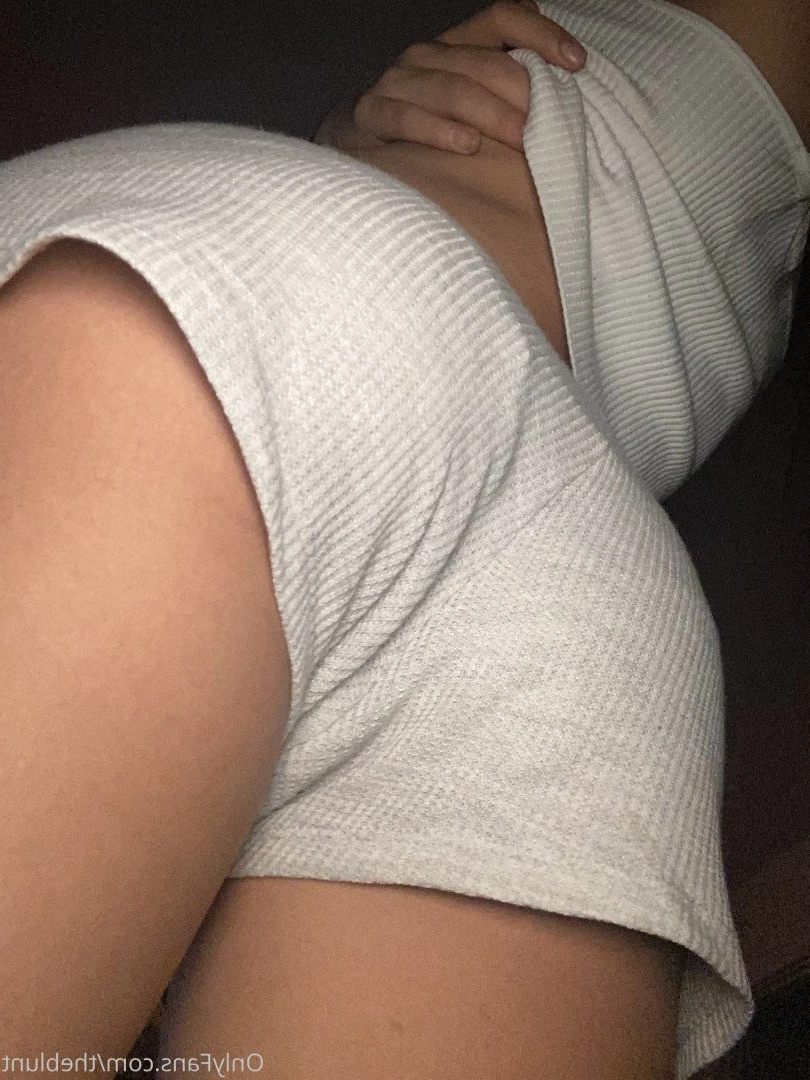 Bobby [ theblunt ] Onlyfans leaked photo 2008484 on Hotleaks.tv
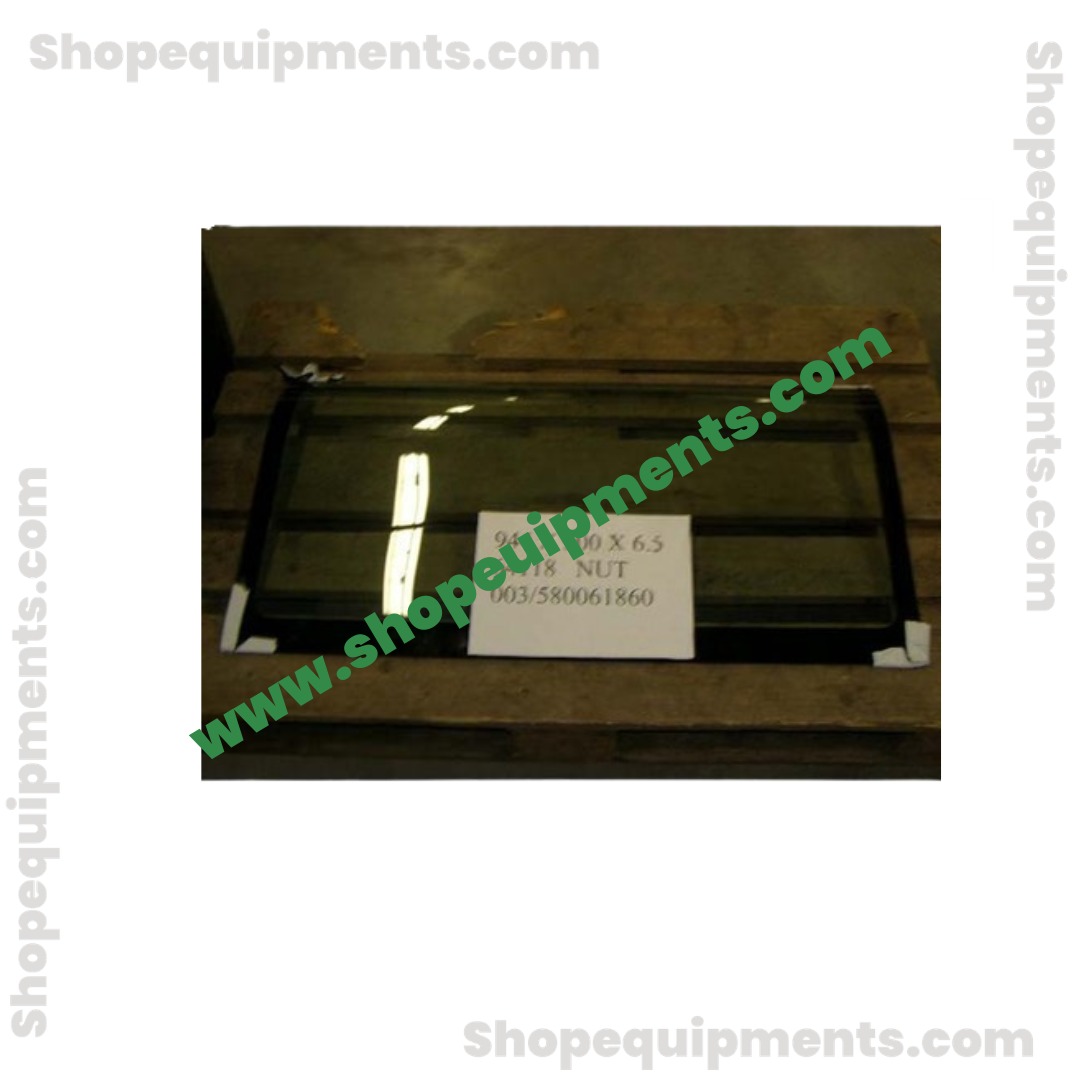 Window (Roof) Hyster Forklift (H2.0FT-H3.5FT)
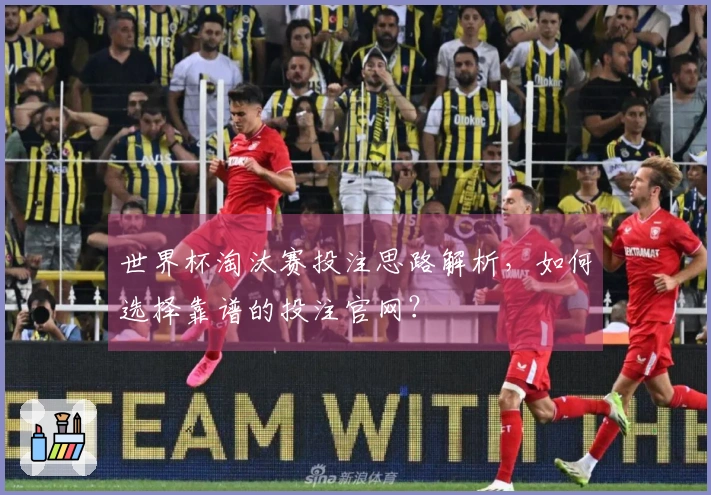 世界杯淘汰赛投注思路解析，如何选择靠谱的投注官网？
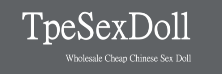 Tpe Sex Doll Coupons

__Exercise instructions__. Would you copy out the data exactly, leaving every picture out?

__Output__.
 Bobby [ theblunt ] Onlyfans leaked photo 2008484 on Hotleaks.tv
 Window (Roof) Hyster Forklift (H2.0FT-H3.5FT)
 世界杯淘汰赛投注思路解析，如何选择靠谱的投注官网？
 Tpe Sex Doll Coupons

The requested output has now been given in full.